The session “Energy gases” will take place on Thursday 20 June 2019 with the following lectures:

H.01An ASTM international standard for the analysis of volatile silicon-containing compounds in gaseous fuels by gas chromatography with spectroscopic detection by Russell Bora, GTI (US)

Since 2016, ASTM International has been in the process of developing a standard method for the analysis of siloxanes in biomethane. This standard is currently undergoing balloting in its D03 Committee on gaseous fuels and is expected to be published in 2019. This presentation will give an overview of the methodology utilized in the standard including sample collection techniques and acceptable instrumentation. Also details on a recent GTI study will be provided, in which testing was conducted on the methodology within the proposed ASTM International standard. The goal of this study was to verify that procedures within the ASTM International standard were capable of obtaining detection limits that could meet the 0,01 mg/m3 of silicon trigger level set by the California Public Utilities Commission (CPUC) for the introduction of biomethane into a natural gas pipeline within the state of California. Included will be results of precision and accuracy tests on various organosilicon standard sources, stability tests on grab sample collection containers and materials, efficiency of sorbent materials for sorbent tube collection followed by solvent extraction, and efficacy of instrumentation including GC-MS and GC-AED. Updates of ongoing projects will also be discussed, such as the interlaboratory study (ILS) for the ASTM International standard, which will be used to determine the standard’s precision and bias.

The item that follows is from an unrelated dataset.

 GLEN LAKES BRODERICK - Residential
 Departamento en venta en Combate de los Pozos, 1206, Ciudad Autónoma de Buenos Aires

H.02Analytical performance evaluation of a dynamic energy gas analyzer by Fred Kaaby, Institute for Energy Technology (NO)

The IPCC’s climate change mitigation efforts supports the use of energy gases, like biogas and hydrogen gas, to lift the heavy infrastructure in our modern society to greener levels. There are few gas analyzers that can quantify gaseous chemical compounds both for the threshold ranges specified for fuel cell hydrogen and for biogas for vehicles. Here, we present a gas chromatograph that can quantify contaminants in energy gases from parts per billion up to 100 volumetric percent without major configuration changes. We will discuss performance examples with detection limits and working ranges on common compounds found in matrices like biogas and fuel cell hydrogen gas. This gas chromatograph is capable to do stable isotope analysis by isotope ratio mass spectrometry and produce compositional data in the same run. It has part per billion detection limits on difficult species like methanol and hydrogen sulfide. It uses loop injection, but also has an available split injector and preconcentrator. The system uses preconcentration with preselected sorbents at sub-ambient temperatures and combines this with pulsed discharge helium ionization detector in fuel cell hydrogen impurity gas analysis. Preconcentration in combination with isotope ratio mass spectrometry is possible, something which are essential for dilute gas samples. A sample introduction system by use of pressurized evacuated containers demands little labour and small sample volumes and have capacities of 50 unsupervised injections of samples and standards in one sequence. Overall, the system discussed herein is very flexible for the varied performance demands of energy gases and is little labour intensive.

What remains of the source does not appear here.